The big benefit of going with a conventional mortgage is that it's often going to allow you to get the lowest interest rates possible. You will, however, be able to choose between either a fixed-rate or an adjustable-rate mortgage, and it's going to impact the interest rate on your home loan.
Fixed-rate mortgages will keep the interest rate on your home loan the same throughout its duration of it. You will stick with this rate as you spend the next 15 or 30 years paying down your mortgage loan.
Adjustable-rate mortgages, on the other hand, have interest rates that will fluctuate over time. Your interest rate will stay the same for the first 5, 7, or 10 years in most cases before it changes to a new rate based on the market interest rates.
If you aren't able to qualify for a conventional loan or if you just want to see what some of your other options are as far as mortgage loans are concerned, you might want to consider government-backed mortgages. Lenders often view these types of mortgage loans as being less risky since they have a government agency standing behind them.
There are several different kinds of government-backed mortgage loans that you might be able to get approved for.
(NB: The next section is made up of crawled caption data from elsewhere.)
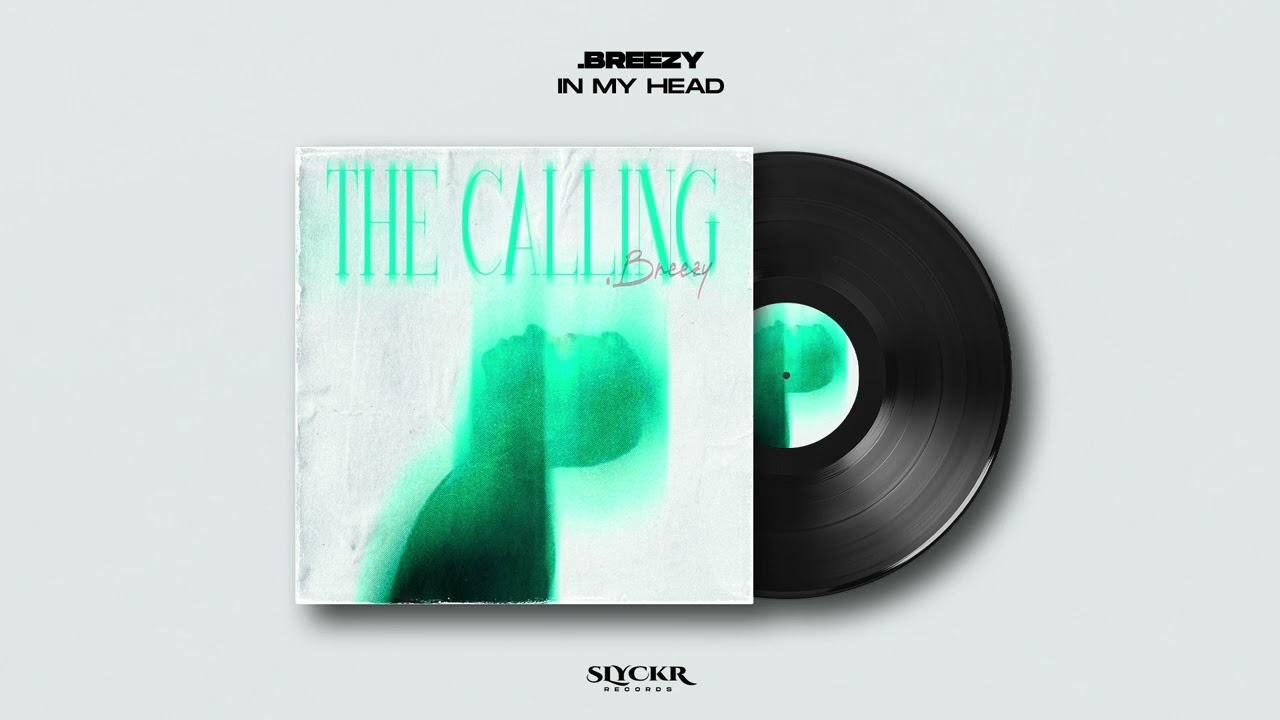 .breezy - In My Head (Official Audio) [From The Calling Album]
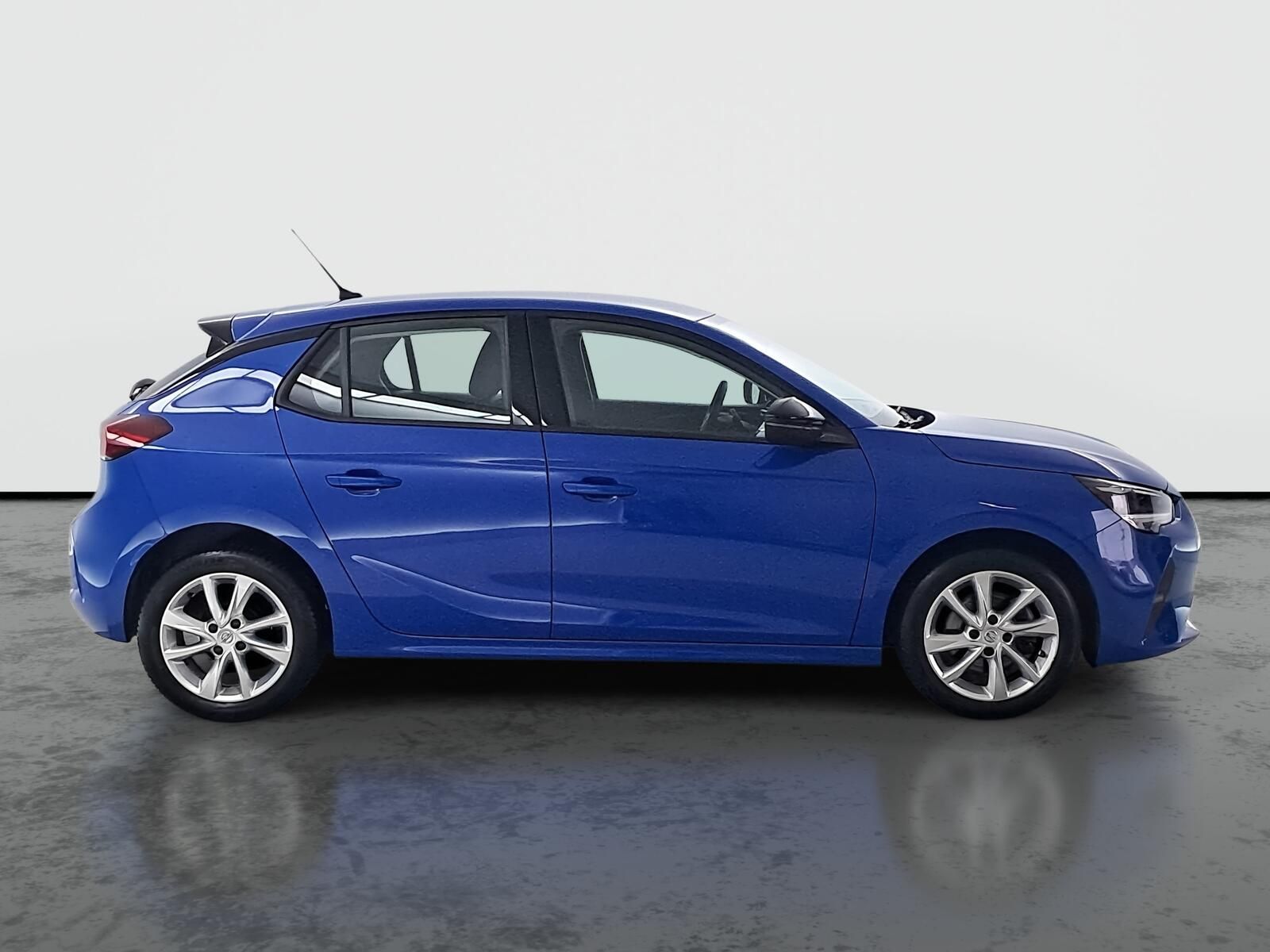Opel Corsa, 1.2 Turbo, Navi, Klima - fotka 6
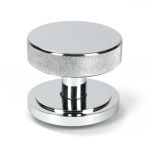 Anvil Brompton Centre Door Knob (Art Deco)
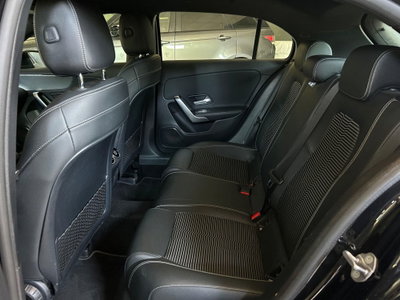 Mercedes-Benz Classe A 180 d Automatic Executive (9)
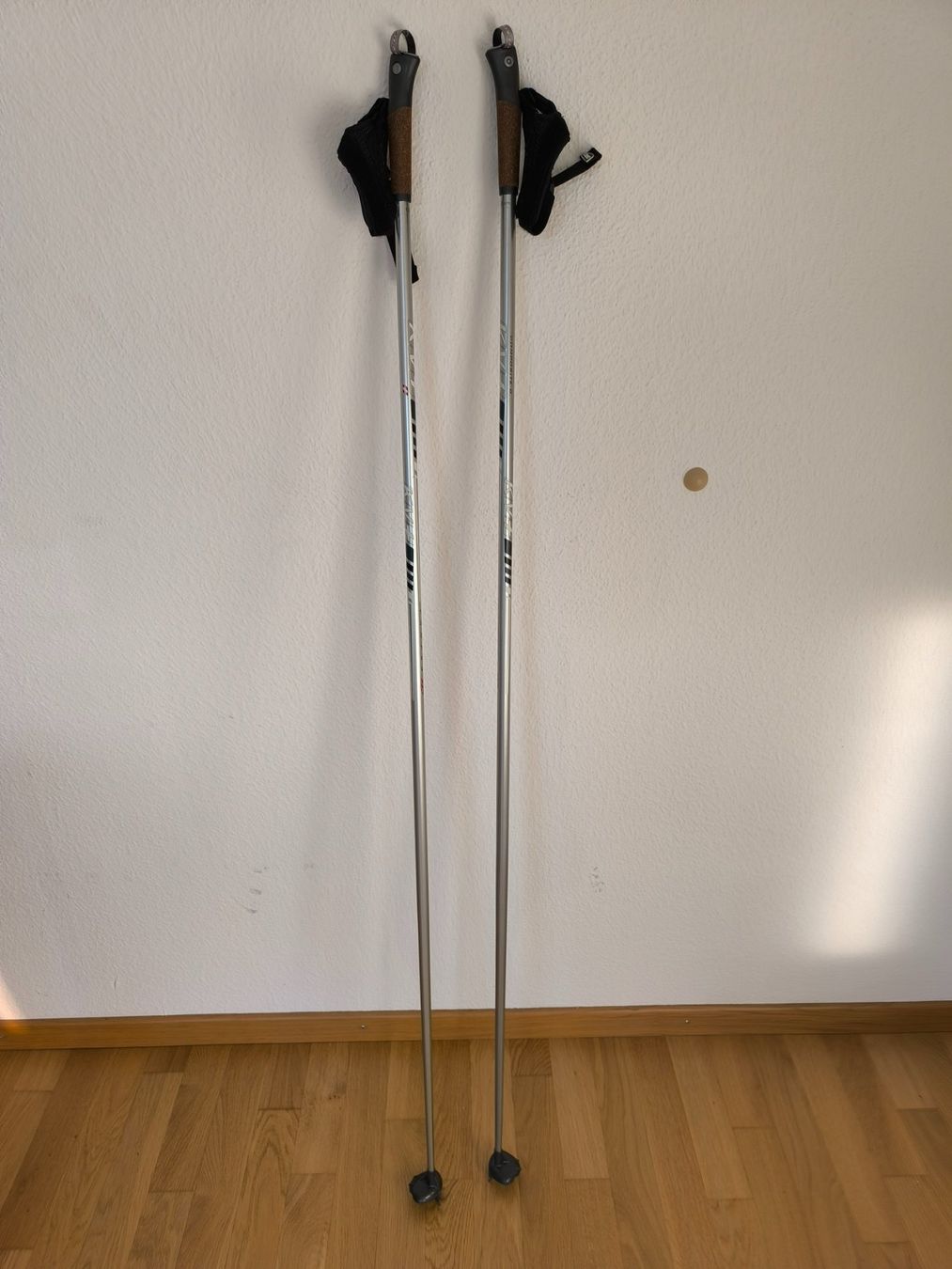 Bastoncini da sci: Langlaufstöcke KV+ Carbon Performance 150cm – Usato da Dietikon venduto da idu_w89c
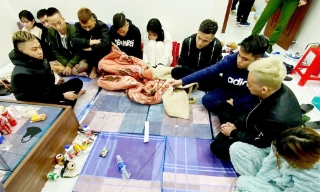 Phòng ngừa tội phạm ma túy, bảo vệ an toàn địa bàn trọng điểm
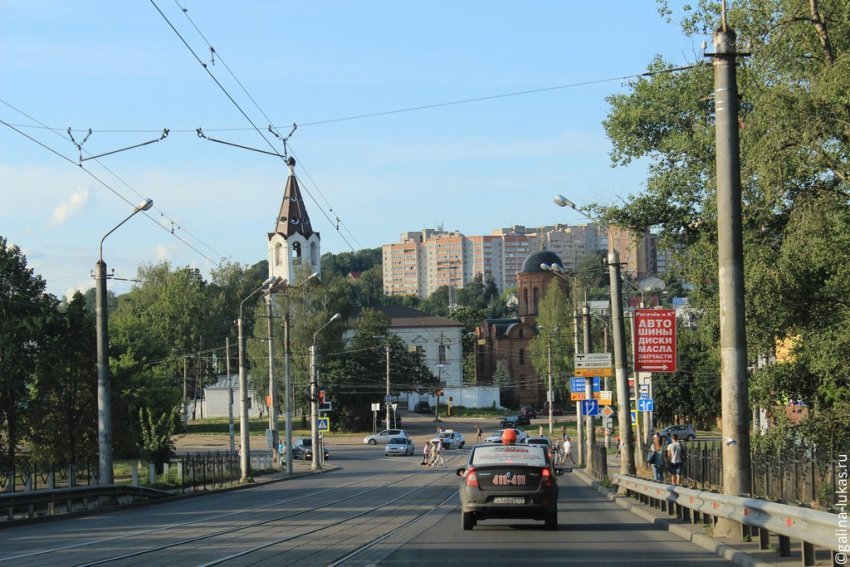 Смоленск рязань на машине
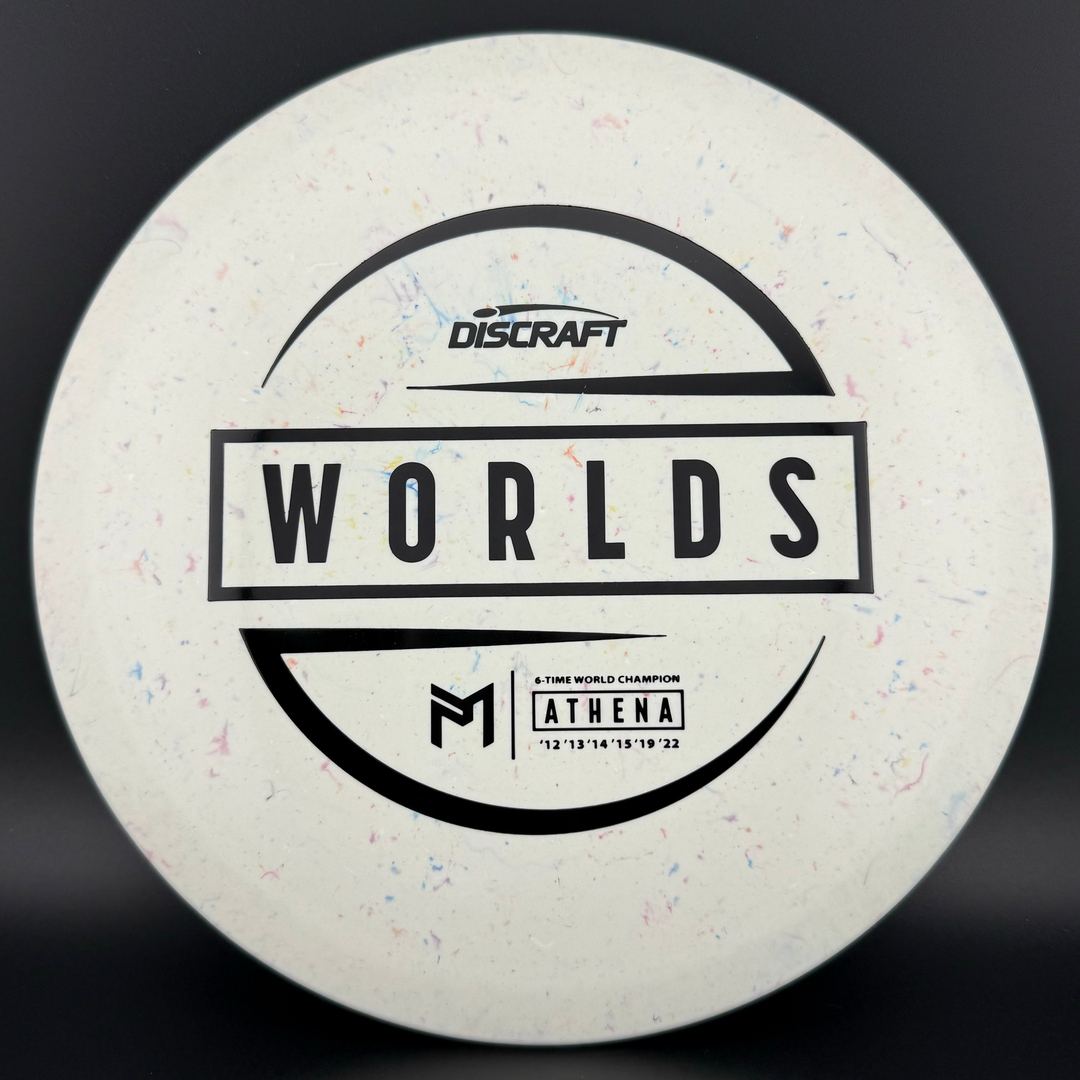 Jawbreaker ESP Athena - Worlds 2024 Edition Paul McBeth
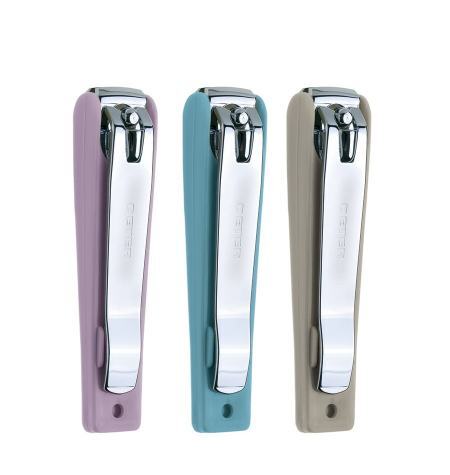 Beter Pedicure Nail Clippers With Nail Catcher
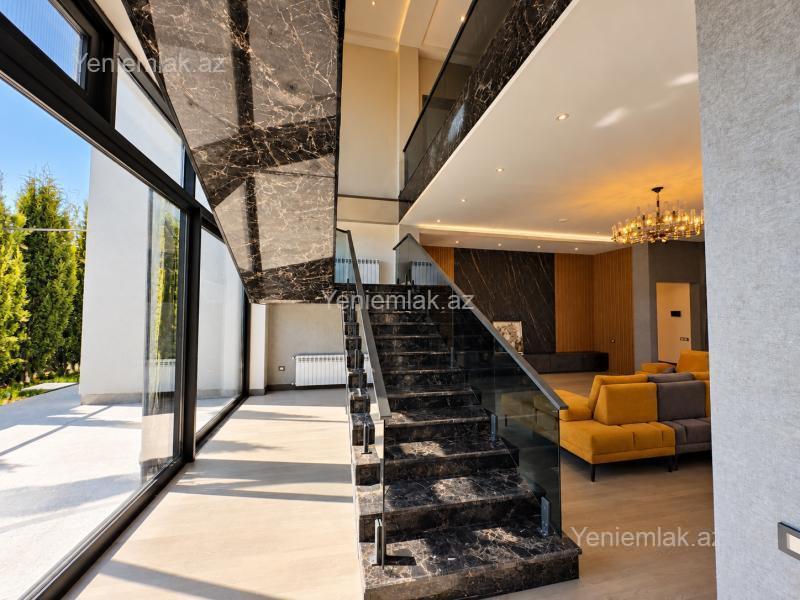 7 otaqlı Həyət evi / Villa, Xəzər rayonu, Bakı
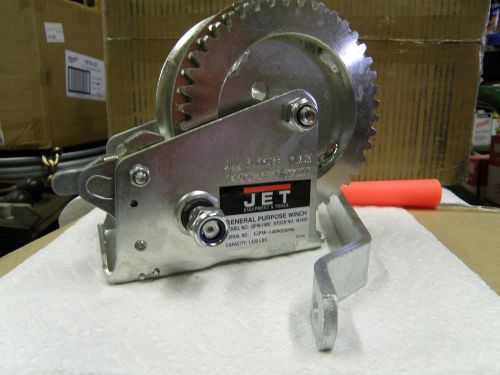 Jet GPW-1400 Winch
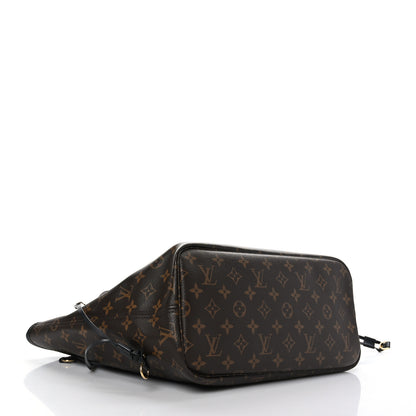 Louis Vuitton Monogram World Tour Neverfull MM 6 of 11
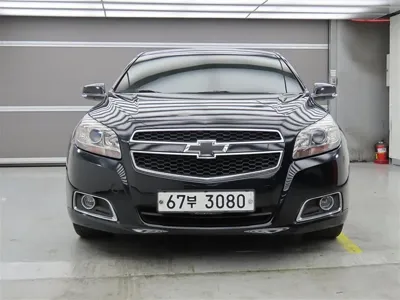 ChevroletGMDaewoo Malibu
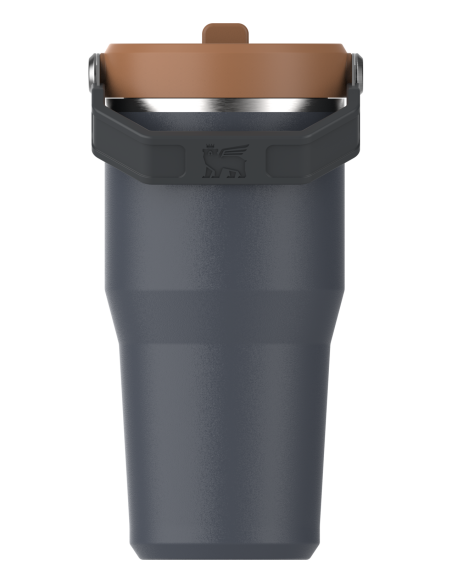 Θερμός Stanley The IceFlow™ Bottle with Flip Straw 0.6L - Twilight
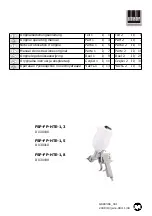 Schneider Airsystems FSP-FP-HTE-1,3 Original Operating Manual preview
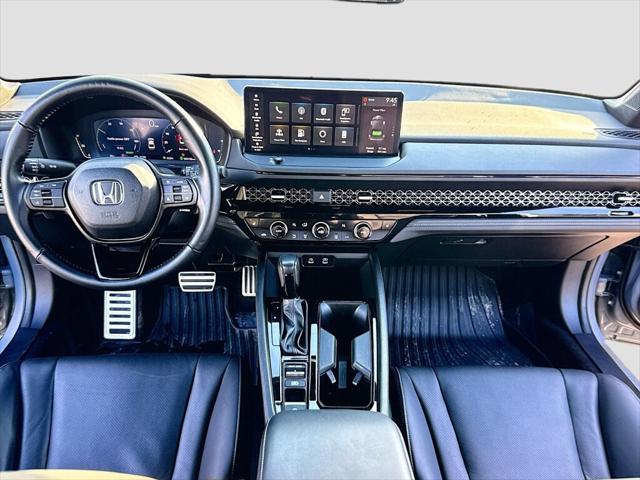 2023 Honda Accord Hybrid Sport-L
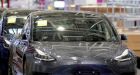 Tesla urged by activists to close new showroom in Xinjiang, China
Let's take a closer look at each one to see what they can offer you.
FHA loans are mortgage loans that are backed by the Federal Housing Administration. They're designed to help those with credit scores that are on the lower side to buy houses. You should be able to qualify for an FHA loan with a credit score that is as low as 580, and some lenders will provide FHA loans to those with credit scores even lower than that.
FHA loans are also great choices for those who can't afford to put down a 20% downpayment on a home. You can typically put down a downpayment that is as low as just 3% to secure an FHA loan.
The catch is that you might have to also accept a higher interest rate than you would otherwise. But if you know you won't be able to qualify for a conventional loan, this could be an excellent alternative.
USDA loans are mortgage loans that are backed by the United States Department of Agriculture. They tend to have even fewer requirements than FHA loans do.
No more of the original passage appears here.